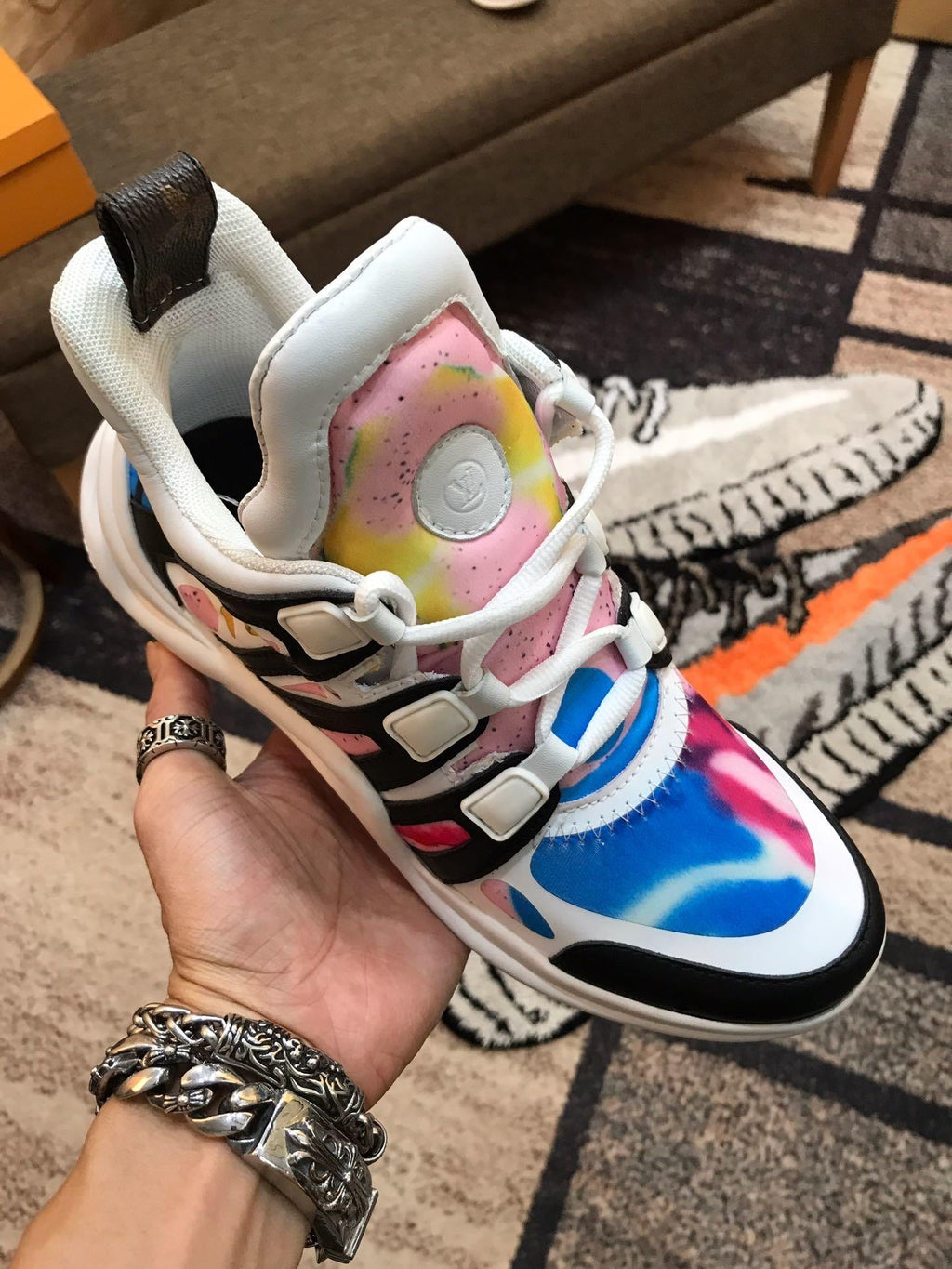 Lv b/r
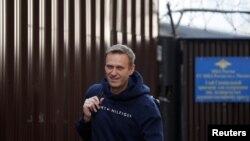 Ruski opozicioni lider Aleksej Navalni izlazi iz zatvora nakon što je odslužio kaznu od 30 dana zbog pozivanja na neodobrene proteste u Moskvi, Rusija, 23. avgusta 2019.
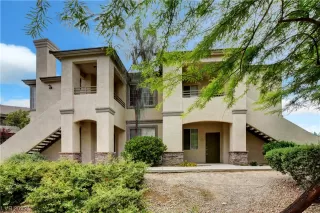 Photo #2: 2493099 Listing 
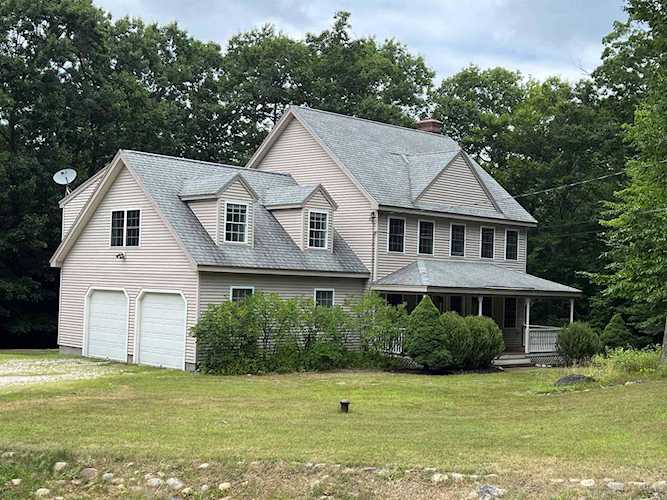 4 Southview Dr Mont Vernon, NH 03057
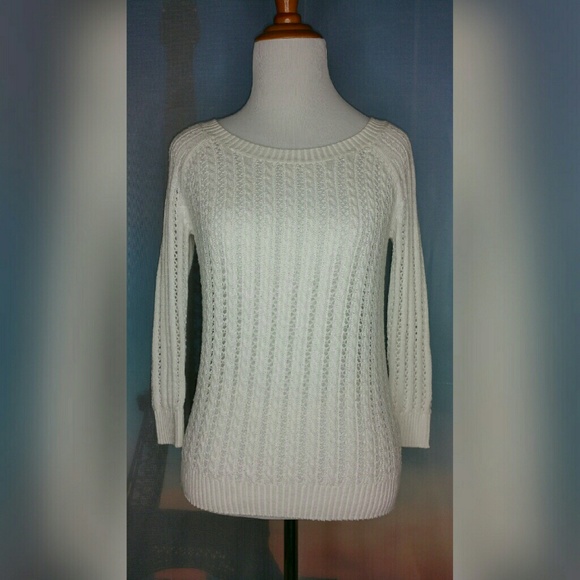 WHITE SWEATER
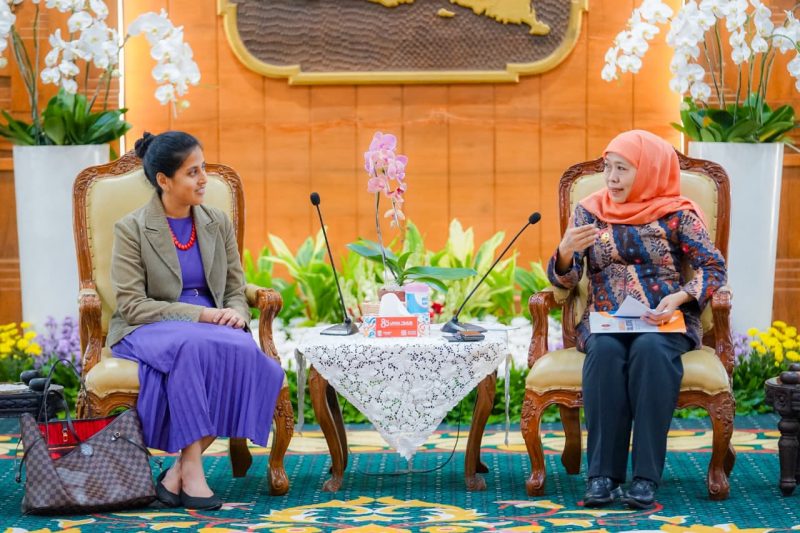 Gubernur Jawa Timur Khofifah Indar Parawansa (kanan) menerima audiensi dari Swaniti Initiative (kiri) di Gedung Negara Grahadi Surabaya. (Foto: Adpim For digitalJatim)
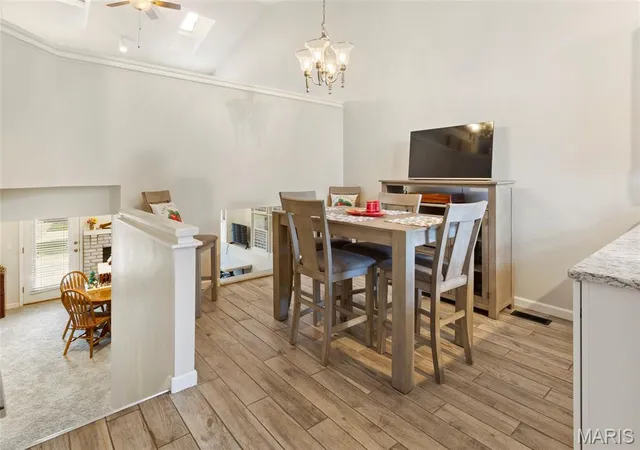Photo 3 of Single family home for sale at 1927 Bennington Common Dr, Saint Louis, MO 63146 | MLS# MIS26042093 | Listing updated on 2026-09-21
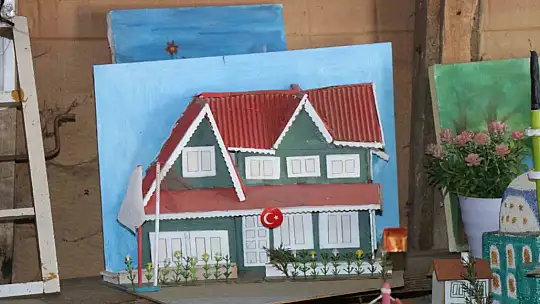 Hafızasındaki Bolu'yu çatı katında yeniden inşa ediyor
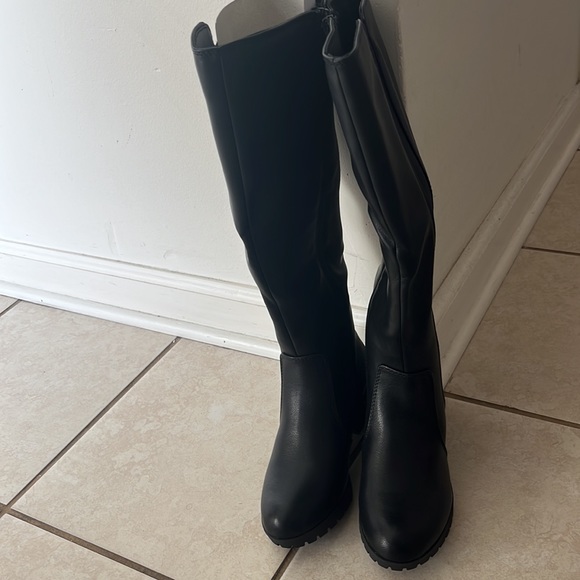 SO® Ribcage Women's Knee-High Boots - Picture 5 of 7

::::

If a picture sits between the line containing "Gubernur Jawa Timur" and the line containing "Photo 3 of Single", leave it out, and return the lines of that range above exactly, both ends included.

SOLVED EXERCISE:
 Gubernur Jawa Timur Khofifah Indar Parawansa (kanan) menerima audiensi dari Swaniti Initiative (kiri) di Gedung Negara Grahadi Surabaya. (Foto: Adpim For digitalJatim)
Photo 3 of Single family home for sale at 1927 Bennington Common Dr, Saint Louis, MO 63146 | MLS# MIS26042093 | Listing updated on 2026-09-21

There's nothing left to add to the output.